Happy New Year! Well, almost. I think it is kind of fitting to end the year with a list of my favourite books of the year. This was hard, because books are awesome, and ratings often arbitrary. I read 79 books this year – and it’s not humble-brag or anything; I know that many people read way more than that, but it is still quite a lot to choose just ten from. My attempt, nonetheless:
1. Eleanor & Park by Rainbow Rowell – this might be one of the purest romances I have ever read. I loved the characters who were s0 perfect in their fallibility.
2. Code Name Verity by Elizabeth Wein – I was skeptical about this book, but decided to take the plunge when I got it at a huge discount. What a fantastic friendship in this book, and one of the most unique WWII books I have ever read (yes, I just superlated unique).
3. The Immortal Life of Henrietta Lacks by Rebecca Skloot – I read a lot of non-fiction, but few are as informative and simultaneously easy-to-read as this one. It was also one of the only non-fictions ever to make me cry. I loved this one so much that after reading it at the library, I went out to buy my own copy.

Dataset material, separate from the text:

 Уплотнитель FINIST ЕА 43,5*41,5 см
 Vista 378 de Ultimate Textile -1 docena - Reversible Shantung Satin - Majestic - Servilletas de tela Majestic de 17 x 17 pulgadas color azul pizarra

4. The Handmaid’s Tale by Margaret Atwood – picked up a seriously weathered copy at the SAS library, and learned how it got so weathered. It must have been the most-read book in that library. Fantastic dystopian-feminist writing. The first non-YA dystopian I’ve ever read, I believe.
5. The Golem and the Jinni by Helene Wecker – Jewish and old Syrian folklore combined, along with a fantastic historic setting. I adored this book.
6. In the Shadow of the Banyan by Vaddey Ratner – do you know how many banyan trees you see when traveling Asia? Loads and loads. That little fact, the many banyans I rested under in those hot months traveling, made me feel a little closer to this book. It feels bad to name such a horror story a favourite book. I learned so much about Cambodia in the book, and it is fabulously written. But it really is such a sad story.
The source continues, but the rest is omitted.